In 1981, Dr. Keith Bell authored the book Winning Isn’t Normal. He holds a copyright registration and creates, markets and sells works derivative of the book such as posters and T-shirts that display a specific 241-word passage that Bell characterizes as “the heart” of the book.
Joshua Lifrak, director of the Chicago Cubs’ Mental Skills Program, retweeted an exact copy of the 241-word passage in May 2016. The original tweet was posted by Moawad Consulting and did not attribute the passage to Bell. Lifrak’s retweet was liked at least 14 times and retweeted an additional nine times by Lifrak’s approximately 1,000 followers.
Bell filed a copyright suit against Lifrak and the Cubs. He asserted three claims: direct copyright infringement against both defendants, vicarious copyright infringement against the Cubs and contributory copyright infringement against the Cubs.
U.S. District Court Judge Robert M. Dow Jr. granted the defendants’ motion to dismiss the claims for contributory copyright infringement and direct copyright infringement against the Cubs, but allowed the claims for vicarious infringement against the Cubs and for direct infringement against Lifrak to move forward.
Considering the direct infringement claim, the court quickly dismissed the claim against the Cubs because the complaint did not “allege any facts suggesting that ‘the Cubs’ themselves created a copy” of the passage at issue. The court, however, said the question of whether Lifrak created a “copy” was a question it was “unable to resolve at this early stage of the case.”
While the defendants argued that a retweet cannot generate an “actionable copy” of the copyrighted material because the storage and management of the material were governed exclusively by Twitter and took place on Twitter’s servers, the court said the facts remained in dispute because Bell insisted that the Cubs’ server kept an actual copy of the material.
“Plaintiff’s allegations may very well be wrong as a factual matter, but at this stage of the case, the court cannot simply rely on defendants’ technological explanation of Twitter to dismiss plaintiff’s claim,” Judge Dow wrote.
The court then considered the issue of whether the Cubs were liable for contributory copyright infringement. The defendants argued that liability for contributory infringement requires the Cubs’ knowledge of Lifrak’s infringing activity and the plaintiff did not “allege any facts that plausibly suggest” such knowledge.
The court agreed, stating that there was “no apparent way the Cubs (or Lifrak, for that matter) would have known that Lifrak’s retweet infringed Plaintiff’s copyright.”
As for the vicarious infringement claim, which requires the plaintiff to establish that the defendant has the right and ability to supervise the infringing conduct as well as a direct financial interest in the infringing activity, the court found the allegations in the complaint sufficient to survive a motion to dismiss but expressed skepticism that Bell would be able to prove the financial interest requirement.
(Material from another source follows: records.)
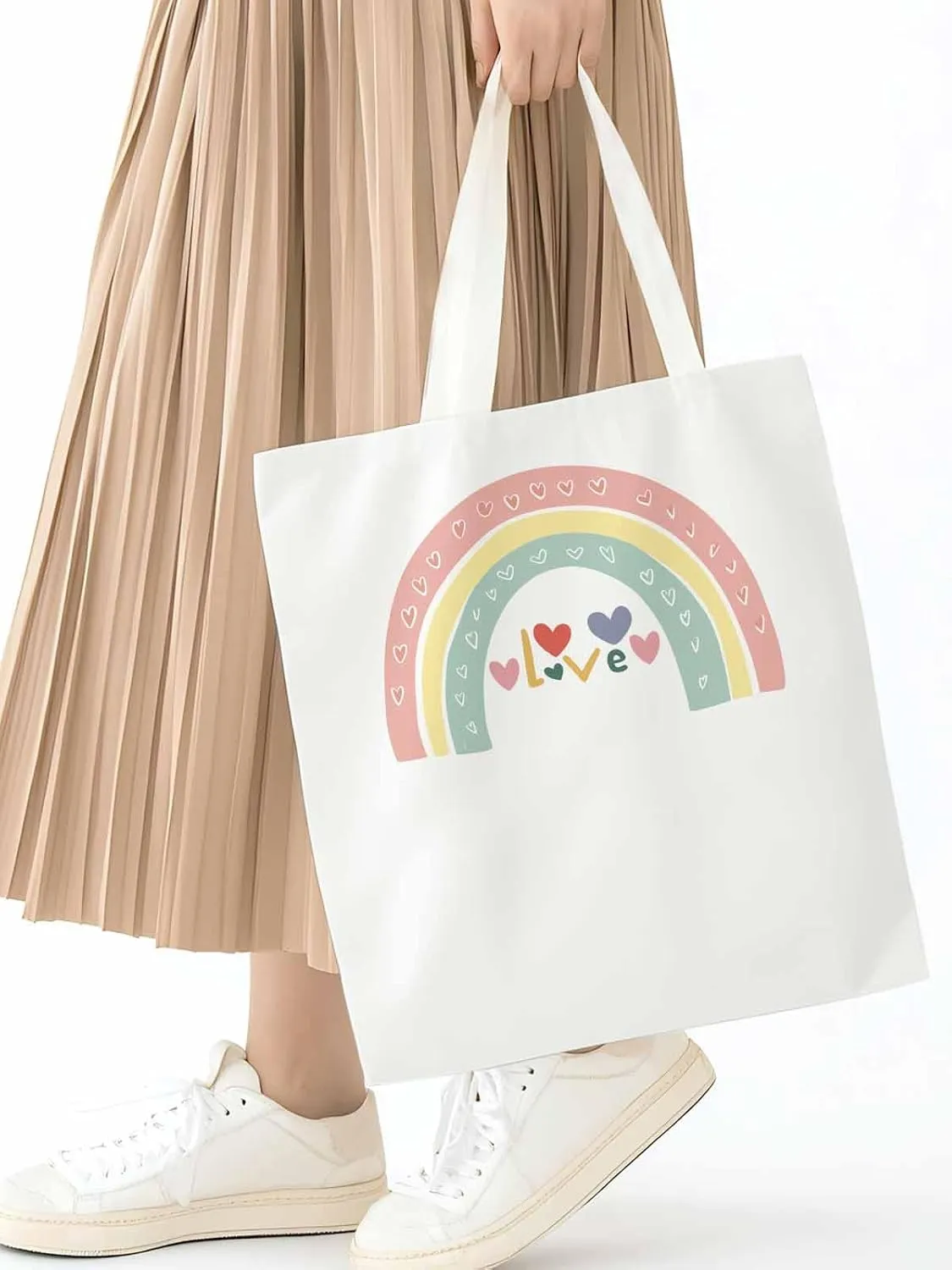 Canvas Tote Bag, Rainbow Love Heart Valentine's Day Aesthetic Canvas Tote Handbags for Women Shoulder Bag,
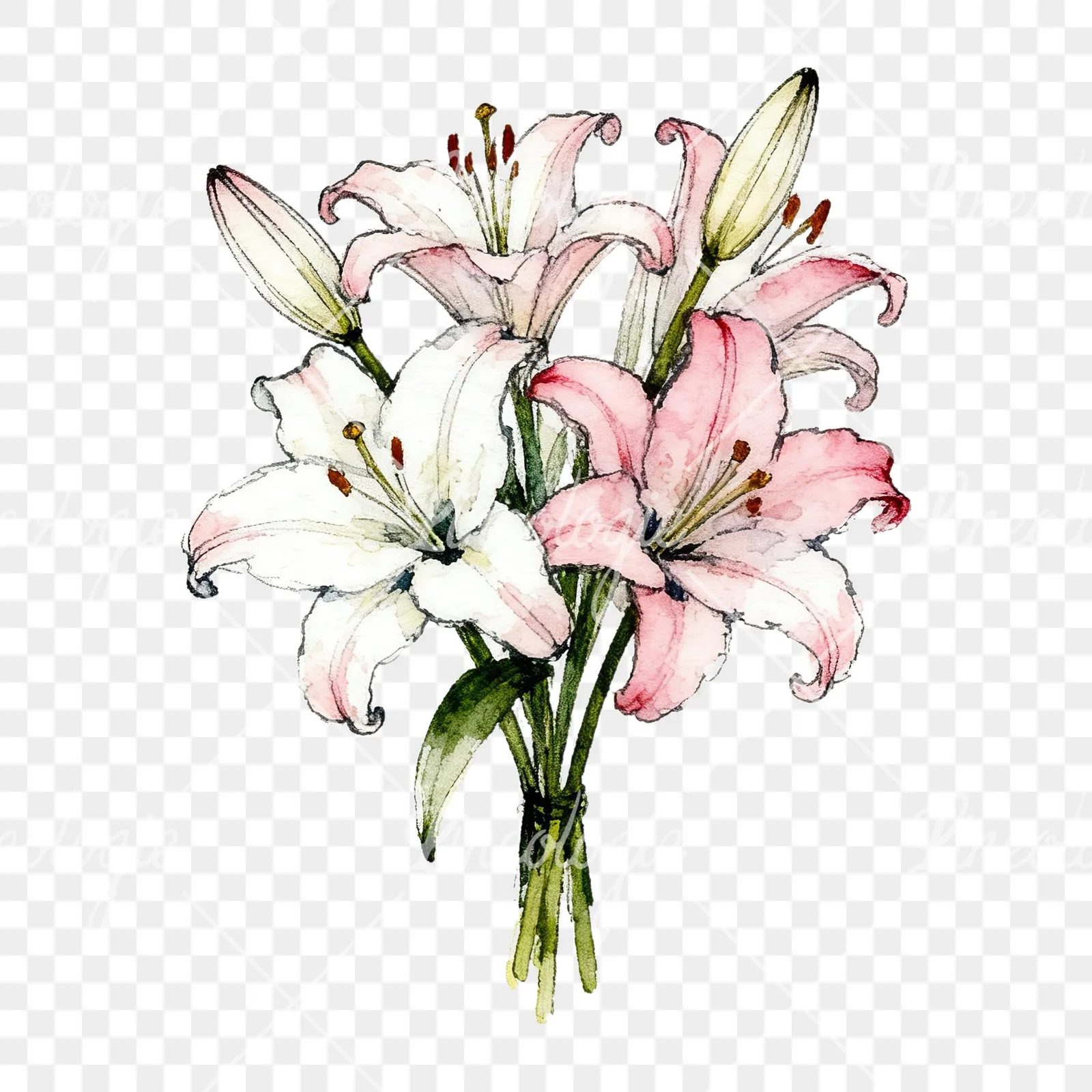 Watercolor lily bouquets white pink clipart 4 of 9 on a transparent background (PNG)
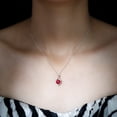 thumbnail image 4 of Rosec Jewels Lab Grown Ruby Heart Pendant Necklace with Infinity Knot - Cocktail Necklace - AAAA Grade - Ready to Gift, 925 Sterling Silver, 4 of 7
Bell argued Lifrak’s tweets increased the exposure of the Cubs and encouraged Lifrak’s followers to buy services and products from the team, such as tickets to games or Cubs-licensed apparel. The defendants objected to this theory, but Judge Dow did not think it was “wholly implausible to presume that Lifrak’s Twitter activity is intended to promote the Cubs.”
The court noted, however, that Bell “may find it difficult to marshal any actual evidence that Lifrak’s single retweet of [the passage] resulted in a direct financial gain to the Cubs or actually drew customers to the Cubs.”
To read the memorandum opinion and order in Bell v. Chicago Cubs Baseball Club, click here.
Why it matters: Although the court kept some of the plaintiff’s claims alive, it appeared doubtful about the plaintiff’s ability to ultimately succeed on his claims, encouraging the plaintiff to consider “how much of his own resources to sink into this case, as he will need evidentiary support for any claim to more than the $200 minimum statutory damages.” Even if the defendants cannot factually establish that no actual copy is made when a post is retweeted, the fact that the defendants had no knowledge of the infringing activity considerably weakens the plaintiff’s case and the possibility for a meaningful result in the plaintiff’s favor.